Michael Vaughan apologises to Azeem Rafiq but denies racism allegations

Former captain of England Cricket, Michael Vaughan [Photo: Shutterstock]

Former England captain, Michael Vaughan, has apologised to Azeem Rafiq for what his former Yorkshire County Cricket Club (YCCC) teammate endured during his career, but denies allegations of being racist himself.

Vaughan was speaking on the BBC Breakfast show with presenter Dan Walker. He said: “I am sorry for the hurt he (Azeem Rafiq) has gone through. It hurts deeply, hurts me that a player has gone through so much, been treated so badly at the club that I love.

“I have to take some responsibility for that because I played for YCCC for 18 years and if in any way, shape, or form I am responsible for any of his hurt, I apologise for that.”

Vaughan played his entire career as a domestic country cricketer for YCCC from 1993 to 2009.

He added: “Time I don’t think can ever be a healer in the situation that he’s gone through. But hopefully, time can be a way of us making sure that Yorkshire never goes through this situation again and never puts themselves in a position of denial that they treated a player so badly.”

When Walker asked the former England skipper about his comment, “there are too many of you lot, we need to do something about it,” to four Asian players, Vaughan replied: “I don’t remember saying that, my recollection from that day, as I have said, I was a Yorkshire player for 18 years, I was the first player to sign for that club that was not born in the county, so for 18 years we had gone from me being the first to sign for the club, Sachin Tendulkar being the first from overseas, to players being able to sign from other clubs.”

He added: “It was my last few games and I remember it clearly that I was proud as punch that we had four Asian players representing Yorkshire Cricket Club. Nothing but a proud, senior, old pro just about to retire and absolutely delighted that Yorkshire had come so far in my time at the club.”

“We’ve got too much ‘he said, she said, did they say’ and I think we’ve got to move on from accusations of conversations from many years ago. There’s a bigger picture here” Vaughn said when asked whether the trio is lying.

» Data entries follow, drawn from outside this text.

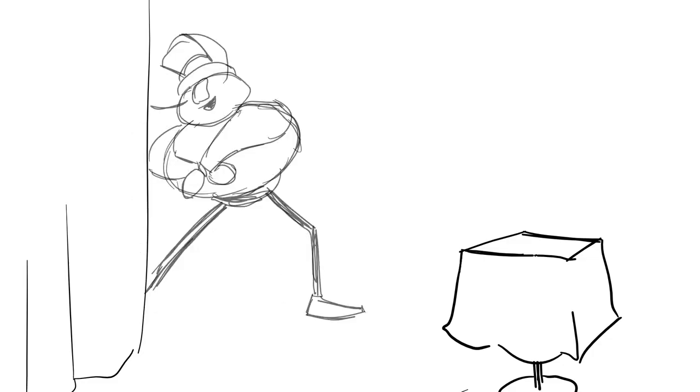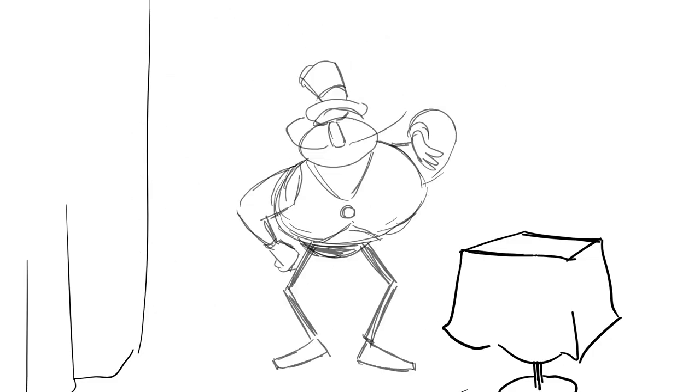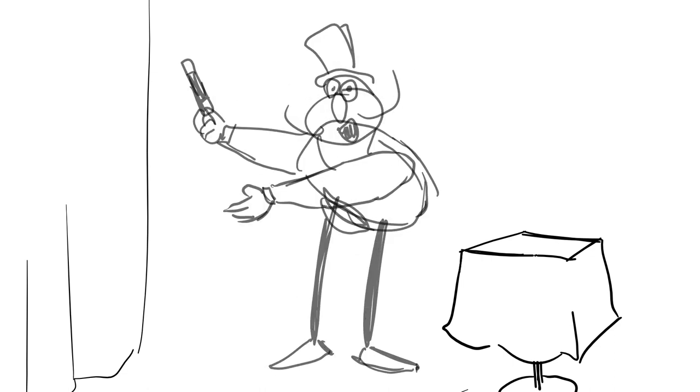Do you want to create beautiful hand-drawn 2D animation? Then this class for beginners is for you! I will show you how to master the basics and how to do your own fantastic 2D animation step by step. And the best thing is, the first lesson of the class is completely free.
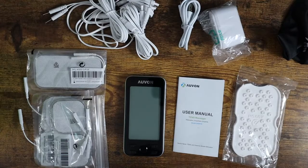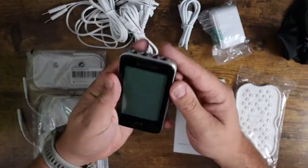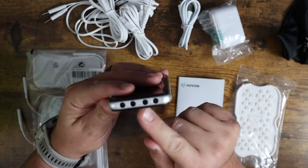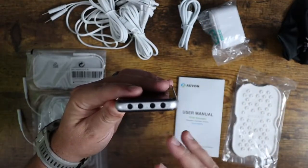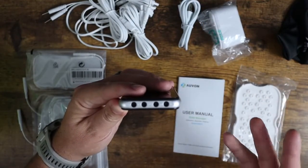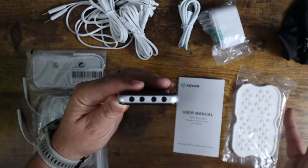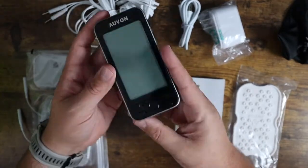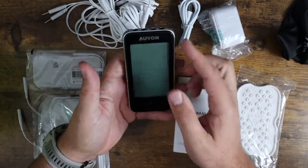Let me talk a little bit about how this works. Once you get this guy charged up, you've got A1, A2, B1, and B2 — these are your different ports up here, so you can actually plug in multiple systems to run on this. You can put this in multiple different locations. You can do different types of setups where you do crossover TENS, massage therapy, that kind of stuff. You get your charging port down here on the bottom, and it's very, very straightforward and easy to use.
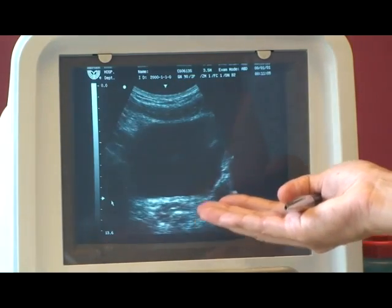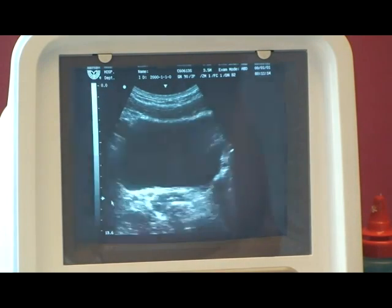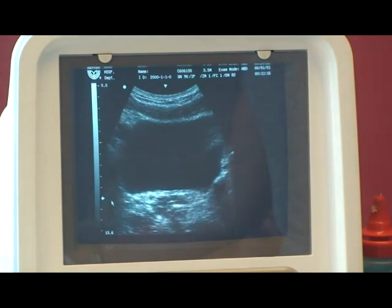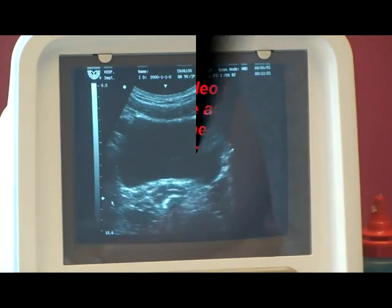We want to see the pelvic floor lift the bladder slightly. So when you're ready, Penny, just do a gentle pelvic floor lift. Good — we get a nice lift. And then relax.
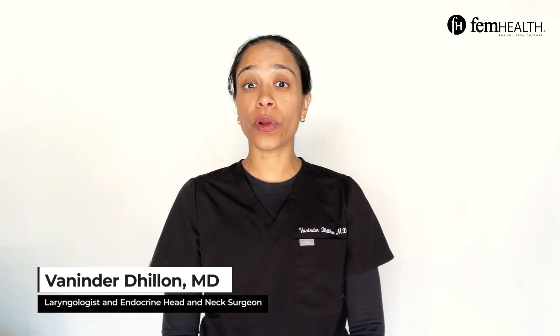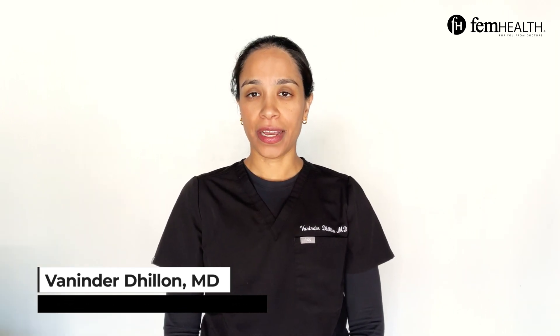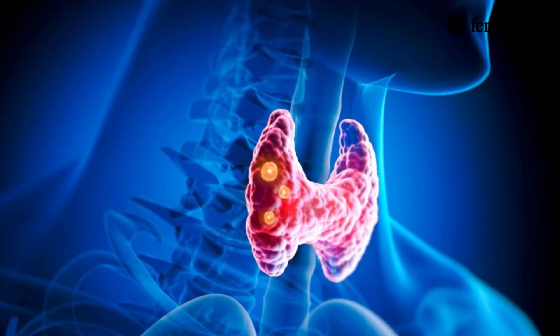Are you wondering about how a thyroid nodule biopsy works? Hi, I'm Dr. Vaninder Dhillon. I'm a board-certified head and neck surgeon, and you're watching the FemHealth Channel. Today, we are going to talk about thyroid nodule biopsies.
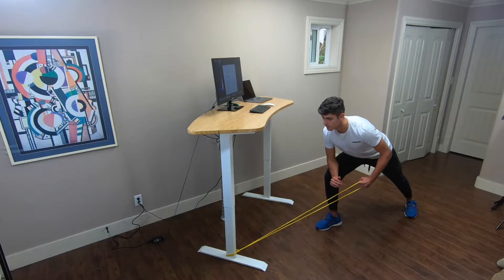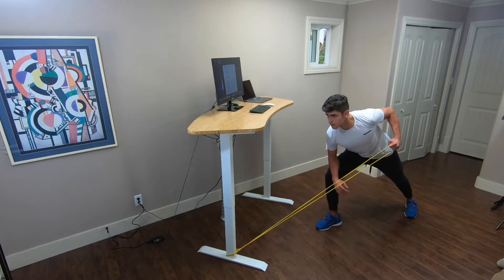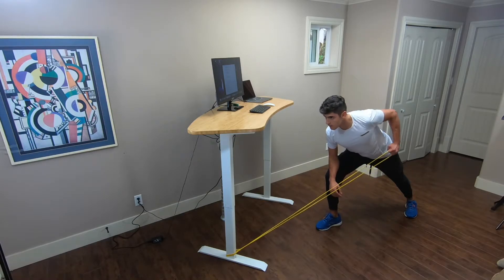Attach the resistance band low. Take a step back and give yourself the amount of resistance you want to work with. Pull straight back and squeeze your back each rep.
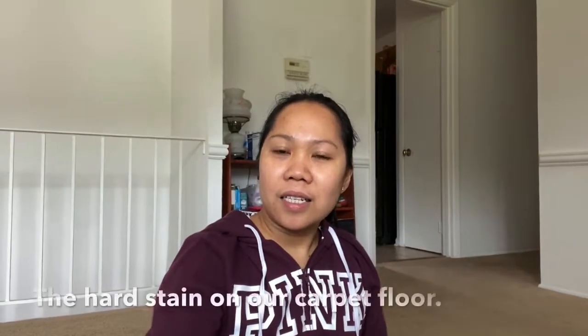Hi everyone, welcome back to my channel, it's me Nilma. If you're new to my channel, please don't forget to like and subscribe. For today's video, I will share with you how I clean hard stains on the floor, so stay tuned.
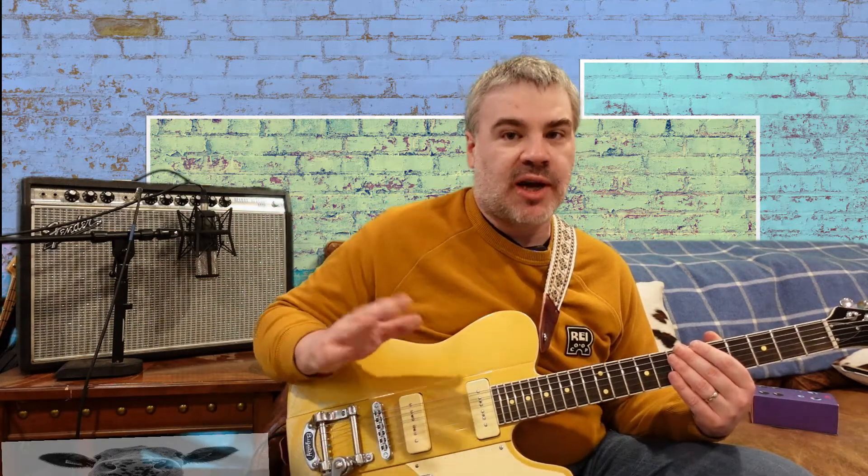If you're not interested in hearing me talk about harmonic tremolo — if you're not a real tremolo hound — and you just want to see the pedal, you can skip ahead. I'm going to time-mark the video. But other than that, let's get into it.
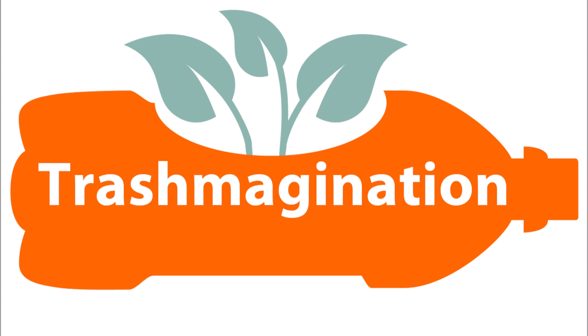Welcome to Trashmagination, a podcast about reimagining trash. I'm Carla Brown. In today's episode, we'll talk about creative reuse of dried paint, graffiti, paintbrushes, paint palettes, and paint cans.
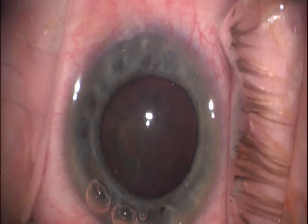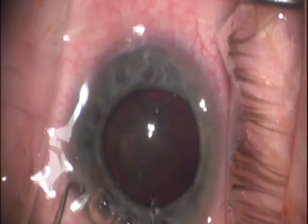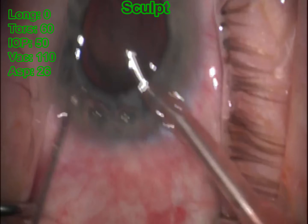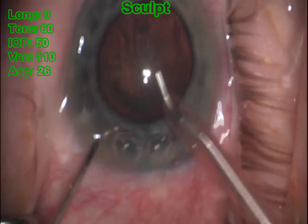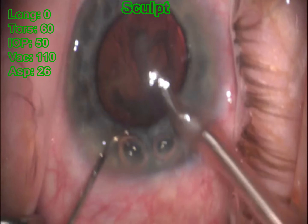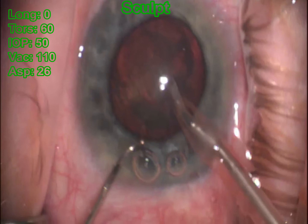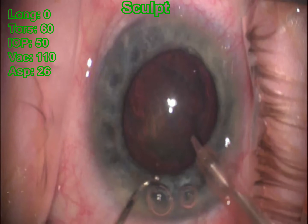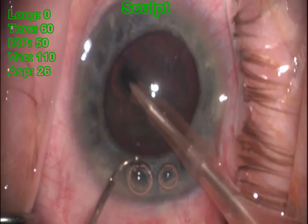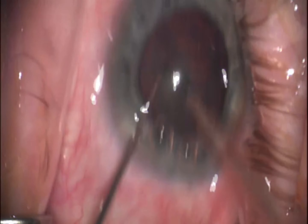Here I am bringing in our FACO handpiece. The way I like to work on most of my cataracts is to create a central groove and do more of a stop-and-chop technique. I just like to debulk the anterior aspect of that cataract, then create that central groove. I use a Connor wand as my secondary instrument because it has a nice dull, bulbous tip, and I don't have to worry about it ripping through the capsule.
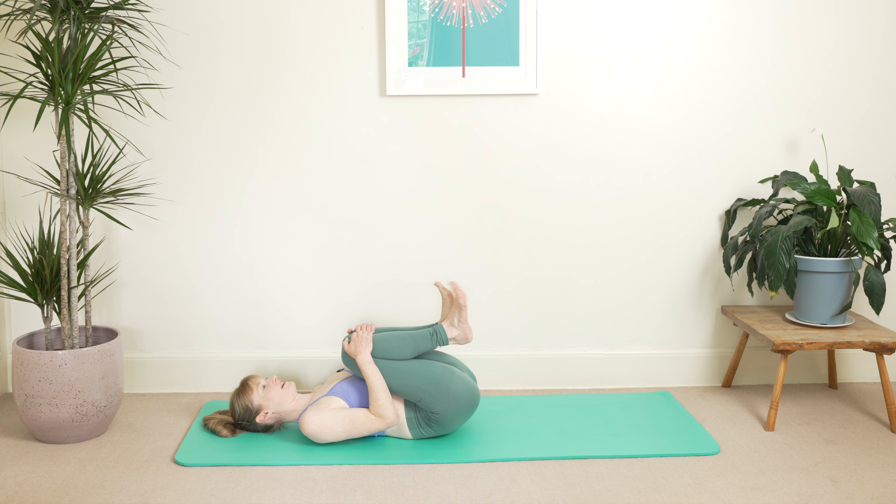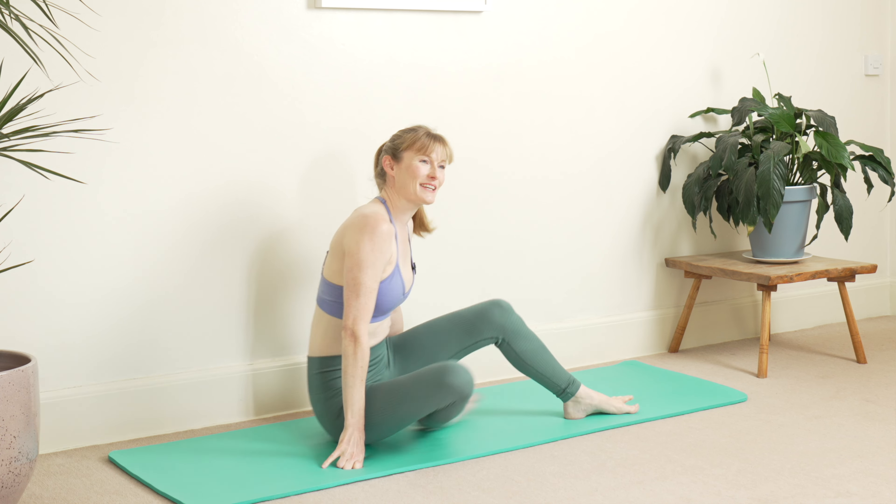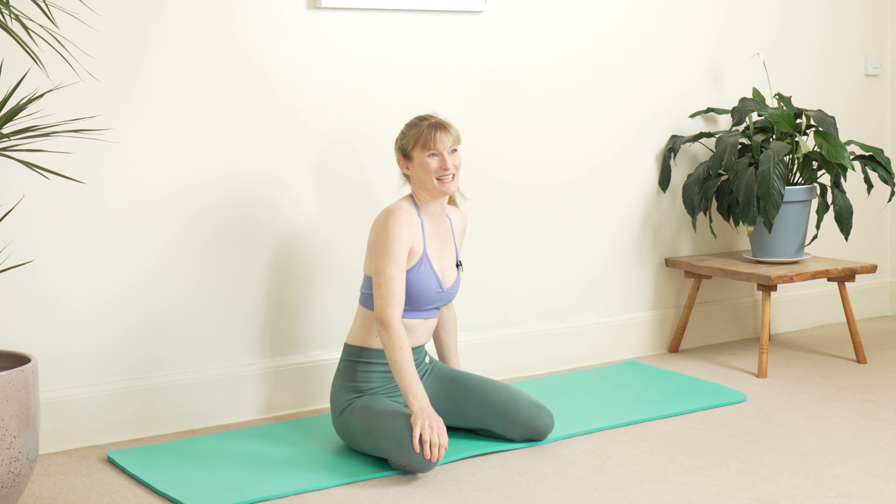Bring your knees in, just hug them in, wig your toes around. When you're ready, sit up nice and slowly. Thank you so much for joining me today, I hope you enjoyed that! Do give me a thumbs up if you enjoyed the video — I love reading your comments, so pop a comment down in the comment section and I will get back to you. I hope you have a lovely day. Take care, bye!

Rafiq’s allegations have been supported by Adil Rashid, leg spinner for England, and the former Pakistani bowler, Rana Naved-ul-Hassan, who also said they heard Vaughan’s comment. When he was asked whether he made any racist comments during his time at the club, he said: “No, I didn’t. No.”

“That hurts because I have always felt that every single team that I have been involved in, the biggest praise I have got as England captain for six years was that I was the kind of person that really galvanised the group. I always felt that I was the person in the dressing room that really wanted everyone to feel included”, Vaughan said.

He added: “I understand the story is all about Azeem Rafiq and racism in cricket. I just hope in time I will have that chance to come back. The one thing I have loved more than anything since retiring is talking cricket, and I hope I can do that again.”

In the past few weeks, two of Vaughan’s previous problematic tweets have been circulating on social media: “Not many English people live in London…I need to learn a new language” he tweeted in 2010, and similarly in 2017 he answered “Yes” to a question about whether England all-rounder Moeen Ali should ask Muslims if they are terrorists.

When the presenter read out his tweets to him, he said: “I look back at my 12 years in social media, I regret many tweets. I apologise deeply to anyone I offended with those tweets.

“We all make mistakes and, in my life, I have made quite a few mistakes on Twitter. I apologise for that, but I can’t suddenly get rid of it. That’s happened, but I think sometimes through social media, people can presume who you are and interpret who you are because of a tweet or two. I know who I am, and I hope the people around me, who were close to me, know exactly who I am.”